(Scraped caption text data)
'''
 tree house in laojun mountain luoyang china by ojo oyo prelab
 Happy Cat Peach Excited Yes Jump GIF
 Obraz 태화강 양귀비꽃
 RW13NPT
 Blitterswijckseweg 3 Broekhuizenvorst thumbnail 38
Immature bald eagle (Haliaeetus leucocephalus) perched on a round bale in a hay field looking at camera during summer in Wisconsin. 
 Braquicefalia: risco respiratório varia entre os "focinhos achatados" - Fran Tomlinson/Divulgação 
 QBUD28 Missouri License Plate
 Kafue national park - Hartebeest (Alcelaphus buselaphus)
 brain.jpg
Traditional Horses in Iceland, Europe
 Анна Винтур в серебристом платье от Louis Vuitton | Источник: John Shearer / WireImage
'''
'''
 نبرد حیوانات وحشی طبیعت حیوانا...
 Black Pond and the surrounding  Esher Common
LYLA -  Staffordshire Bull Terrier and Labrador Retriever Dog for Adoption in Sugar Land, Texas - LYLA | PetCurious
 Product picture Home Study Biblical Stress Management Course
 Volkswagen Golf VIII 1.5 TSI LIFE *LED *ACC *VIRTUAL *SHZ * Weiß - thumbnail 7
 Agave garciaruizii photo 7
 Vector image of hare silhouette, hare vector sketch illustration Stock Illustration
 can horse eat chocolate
'''
**YOUR ASSIGNMENT:**
Every line that holds the string "thumbnail" must be copied from the records above.

**TASK RESULT:**
 Blitterswijckseweg 3 Broekhuizenvorst thumbnail 38
 Volkswagen Golf VIII 1.5 TSI LIFE *LED *ACC *VIRTUAL *SHZ * Weiß - thumbnail 7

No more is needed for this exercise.